Sony Pictures Television International (then under the name Columbia Pictures Television later moved to Columbia TriStar Television) created their own English dub of the series, under the name , which aired outside North America. In 1999, Sony had tried and failed to market the series in the United States via an existing company. The TV series was again licensed for North America by Media Blasters, who split it up into "seasons", and released on DVD. It began airing in the US on Cartoon Network as a part of the Toonami Block on March 17, 2003, but ended at the completion of the "second season" (episode 62). Some of the show's depictions of obscene language, intense violence, and tobacco and drug usage were subject to heavy editing on Toonami. Episodes 63–95 did not air, but were included in the DVD release. The "seasons" were released in three premium "Bento box" DVD boxes on November 18, 2003, March 30, 2004, and July 27, 2004. They were re-released as "economy box" sets on November 15, 2005, January 17, 2006, and February 14, 2006. All three seasons, with both the original Japanese audio and the Media Blasters dub (Bang Zoom! Entertainment), were streamed on Netflix.

Related media

Anime film

An anime film, Rurouni Kenshin: The Motion Picture, premiered in Japan on December 20, 1997.

Original video animations

A 4-episode original video animation (OVA), titled Rurouni Kenshin: Trust & Betrayal, which served as a prequel to the anime television series, was released in Japan in 1999.

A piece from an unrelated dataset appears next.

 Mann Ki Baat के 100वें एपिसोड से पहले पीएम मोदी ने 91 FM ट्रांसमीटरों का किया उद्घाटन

A 2-episode OVA, titled Rurouni Kenshin: Reflection, which served as a sequel to the anime television series, was released in Japan from 2001 to 2002.

A 2-episode OVA, Rurouni Kenshin: New Kyoto Arc, which remade the series' Kyoto arc, was released in Japan from 2011 to 2012.

Soundtracks

All of the TV series music was composed by Noriyuki Asakura and several CDs have been released by Sony Records. The first, Rurouni Kenshin OST 1 was released on April 1, 1996, and contained twenty-three songs that were used during the first episodes of the series. The second one, Rurouni Kenshin OST 2 - Departure was released on October 21, 1996, and contained fifteen tracks that were first used before the start of the Kyoto Arc. The next one, Rurouni Kenshin OST 3 - Journey to Kyoto was released on April 21, 1997, and contained the thirteen tracks that originally used in the Kyoto Arc. For the next arc, Rurouni Kenshin OST 4 - Let it Burn was released on February 1, 1998, and contained twelve tracks.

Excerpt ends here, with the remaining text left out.